Waren das jetzt wirklich vier Titel am Stück, und wer hat wieder an der Uhr gedreht? Für eine Zugabe ist aber noch Zeit. "Vlagdwedde Storm" ist eine Anspielung auf das eher bescheidene Wetter, während Detlef und Mario bei Bas zu Gast waren, unweit des heutigen Spielorts. Die Regentropfen trommelten an die Fenster und aufs Dach, und so ist die Grundstimmung des letzten Titels am heutigen Tage eher eine melancholische. Ganz und gar nicht melancholisch sind Bas, Mario und Detlef, als sie sich vorm Publikum verbeugen: Bis auf einen kleinen Stromausfall hat die Technik heute mitgespielt. Was den Besucherzuspruch angeht: Es darf natürlich immer etwas mehr sein, aber für eine Premiere ist die Resonanz völlig in Ordnung gewesen. Wie bereits erwähnt, haben ja sogar zwei Besucher ihren Weg von England hier nach Onstwedde gefunden. Deren Heimweg geht an heutigen Abend nur bis nach Groningen. Unserer ist noch etwas kürzer, nur ein paar Kilometer bis zur Herberge in Sellingen.
Ist wirklich alles für heute gesagt und gespielt? Nein, da wäre noch ein Werbung zu machen! Detlef greift doch noch einmal zum Mikrofon. Am zweiten Oktober sind BK&S wieder live in einer Kirche zu sehen und zu hören, und zwar seit langem einmal wieder in der "And Friends"-Variante mit Raughi Ebert und Thomas Kagermann. Dieses Mal wird es nicht in Repelen sein, sondern im beeindruckenden Xantener Dom! Wie im letzten Jahr in Repelen gilt: Der Eintritt wird frei sein, der 'Austritt' jedoch nur gegen eine Spende. Dieser Ansatz hatte sich im letzten Jahr zweimal in Repelen bewährt, so gibt es keine Hürde für kurz Entschlossene und die Erfahrung hat gezeigt, dass dem Gebotenen angemessene Spenden gegeben werden.

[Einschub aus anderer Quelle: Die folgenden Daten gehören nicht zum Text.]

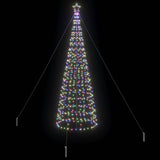 LED Christmas Tree with Ground Spikes Multicolour 400 cm Iron - Top-Down View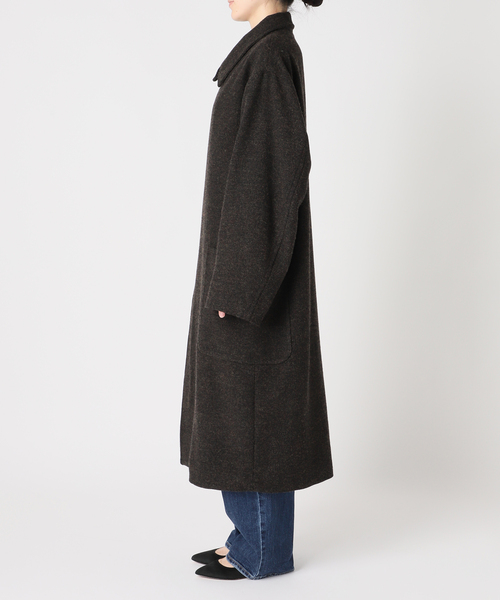 Spick & Span(スピックアンドスパン)の「《一部店舗+WEB限定》British Tweed Coat(チェスターコート・レディース・カーキ・FREE)」の17枚目の写真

Eine Sache hat aber auch Detlef in seiner Verabschiedung unterschlagen, die der Berichtende an dieser Stelle nicht unerwähnt lassen möchte: Auch in diesem Jahr wird am ersten August-Wochenende in Sellingen wieder die Atelierroute stattfinden, und die Manikin-Musiker werden auch dieses Mal an der einen oder anderen Station dabei sein. Der einzige Unterschied zu 2024: Mario ist dieses Mal verhindert und wird nicht mit von der Partie sein. Aber auch 'Manikin 4' sind einen Weg in den Norden der Niederlande wert. Am Tag darauf, vor der Rückreise, haben wir direkt zwei der nicht allzu zahlreichen Zimmer in der Sellinger Herberge reserviert. Und die Plastikmünzen, die ich heute nicht ausgegeben habe, werden sicher auch noch eines nicht allzu fernen Tages ausgegeben werden.
2024 und 2025 sind für die Musiker des Manikin-Labels eine Zeit des Umbruchs, was die Spielorte angeht, und dieses kleine, aber feine Theater in Onstwedde ist eine neue Station auf dem Weg, den die fünf Musiker nun schon seit so vielen Jahren miteinander gehen. Und ich bin mir am Ende dieses Tages sicher, dass er noch lange nicht zu Ende ist!